The graph of $y = f^{-1}(x)$ is always the reflection of $y = f(x)$ in the line $y = x$. For inverse trig functions, this reflection is only of the restricted piece of the original function. $y = \sin^{-1}x$ reflects only $y = \sin x$ for $x \in [-\frac{\pi}{2}, \frac{\pi}{2}]$.

$\tan^{-1}x \to \pm\dfrac{\pi}{2}$ as $x \to \pm\infty$

$\sin^{-1}$ is increasing

Passes through $(-1, -\frac{\pi}{2})$, $(0, 0)$, $(1, \frac{\pi}{2})$. Always increasing. Concave down for $x>0$, concave up for $x < 0$.

$\cos^{-1}$ is decreasing

Passes through $(1, 0)$, $(0, \frac{\pi}{2})$, $(-1, \pi)$. Always decreasing. No negative outputs.

$\tan^{-1}$ has asymptotes

Horizontal asymptotes at $y = \pm\frac{\pi}{2}$. Passes through $(0, 0)$. Increasing. Odd function: $\tan^{-1}(-x) = -\tan^{-1}x$.

What you'll master

Know

Key facts

Key points on each inverse trig graph: intercepts and endpoints
Monotonicity: $\sin^{-1}$ and $\tan^{-1}$ increase; $\cos^{-1}$ decreases
Horizontal asymptotes of $\tan^{-1}x$ at $y = \pm\frac{\pi}{2}$

Understand

Concepts

The reflection property: inverse function graphs reflect in $y = x$
Why $\tan^{-1}$ has asymptotes but $\sin^{-1}$ and $\cos^{-1}$ do not
Why the graphs of $\sin^{-1}x$ and $\cos^{-1}x$ intersect at $x = \frac{1}{\sqrt{2}}$

Can do

Skills

Sketch all three inverse trig graphs with correct features labelled
Identify and explain key features: domain, range, intercepts, concavity
Prove the intersection of $\sin^{-1}x$ and $\cos^{-1}x$

Key terms

Reflection in $y = x$The graph of an inverse function is the mirror image of the original (restricted) function in the line $y = x$. Points $(a,b)$ and $(b,a)$ are reflections of each other.

MonotonicA function that is always increasing or always decreasing.
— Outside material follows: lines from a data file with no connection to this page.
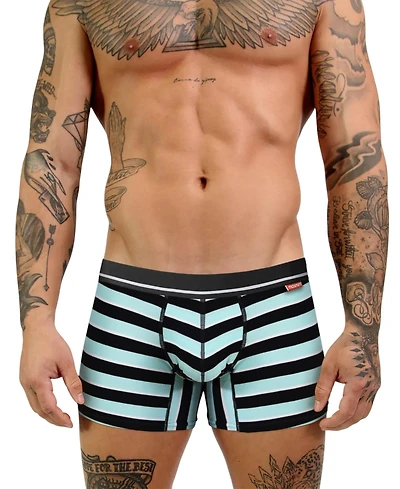 Mosmann Australia Men's Bamboo Trunks - Onyx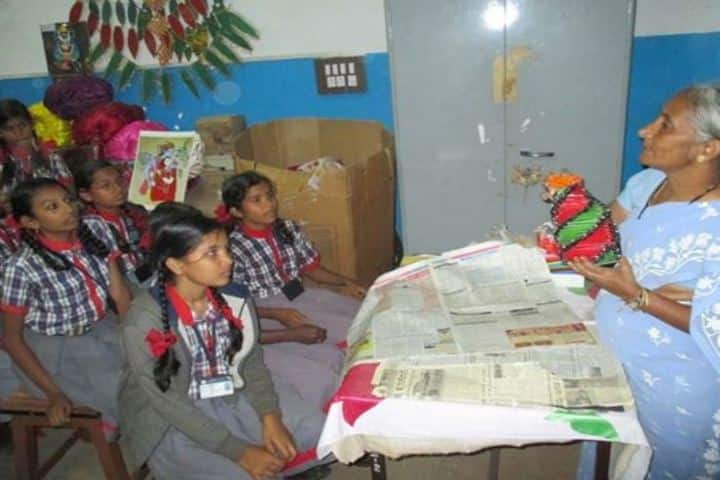 Kendriya Vidyalaya-Art and craft room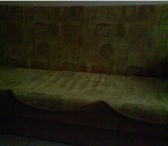 Foto в Мебель и интерьер Мебель для гостиной продам раскладной диван-кровать, в разложенном в Новороссийске 3 000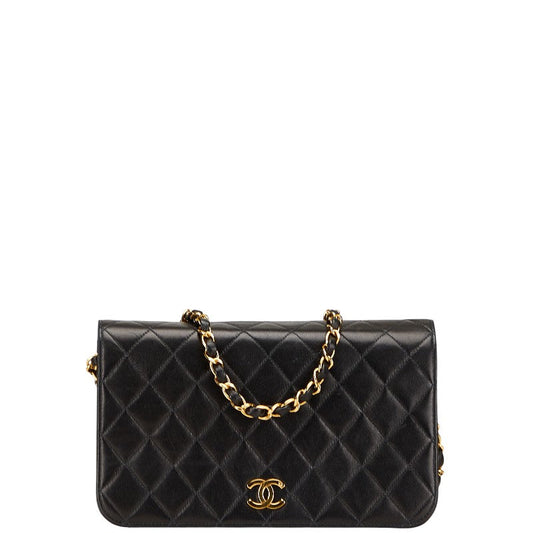 Chanel Coco Mark Matelasse Lambskin Shoulder Bag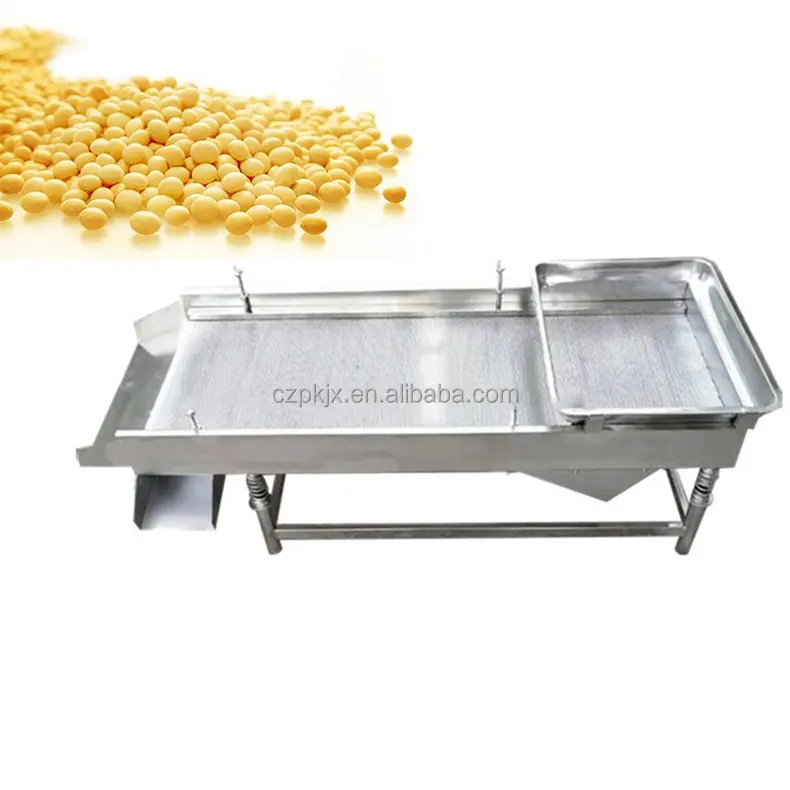 Máquina de eliminación de granos de café multifuncional, equipo de selección de granos y semillas de soja, Clasificación por vibración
All three inverse trig functions are monotonic.

Horizontal asymptoteA horizontal line $y = k$ that the graph approaches as $x \to \pm\infty$. $\tan^{-1}x$ has asymptotes $y = \pm\frac{\pi}{2}$.

ConcavityWhether the graph curves upward (concave up) or downward (concave down). Changes in concavity occur at inflection points.

Odd functionA function with $f(-x) = -f(x)$, symmetric about the origin. Both $\sin^{-1}x$ and $\tan^{-1}x$ are odd functions.

Complement sum$\sin^{-1}x + \cos^{-1}x = \frac{\pi}{2}$ — the graphs of $\sin^{-1}x$ and $\cos^{-1}x$ sum to $\frac{\pi}{2}$ at every $x$ in their domain.

Graph of $y = \sin^{-1}x$

core concept

The graph of $y = \sin^{-1}x$ is the reflection of $y = \sin x$ restricted to $x \in [-\frac{\pi}{2}, \frac{\pi}{2}]$, reflected in the line $y = x$.

$y = \sin^{-1}x$ is increasing, passes through the origin, and is an odd function symmetric about $(0,0)$.

Domain: $[-1, 1]$
Range: $[-\frac{\pi}{2}, \frac{\pi}{2}]$
Passes through: $(0, 0)$, $(1, \frac{\pi}{2})$, $(-1, -\frac{\pi}{2})$
Always increasing
Odd function: $\sin^{-1}(-x) = -\sin^{-1}(x)$ — symmetric about the origin
Concavity: concave down for $x > 0$; concave up for $x < 0$
No asymptotes (it is a bounded, finite curve)

Reflection check. Take any point on the restricted $y = \sin x$, e.g.\ $(\frac{\pi}{6}, \frac{1}{2})$. Reflecting in $y = x$ gives $(\frac{1}{2}, \frac{\pi}{6})$. Verify: $\sin^{-1}(\frac{1}{2}) = \frac{\pi}{6}$. ✓ This is the definition of an inverse function.

The graph of $y = \sin^{-1}x$ is the reflection of $y = \sin x$ restricted to $x \in [-\frac{\pi}{2}, \frac{\pi}{2}]$, reflected in the line $y = x$.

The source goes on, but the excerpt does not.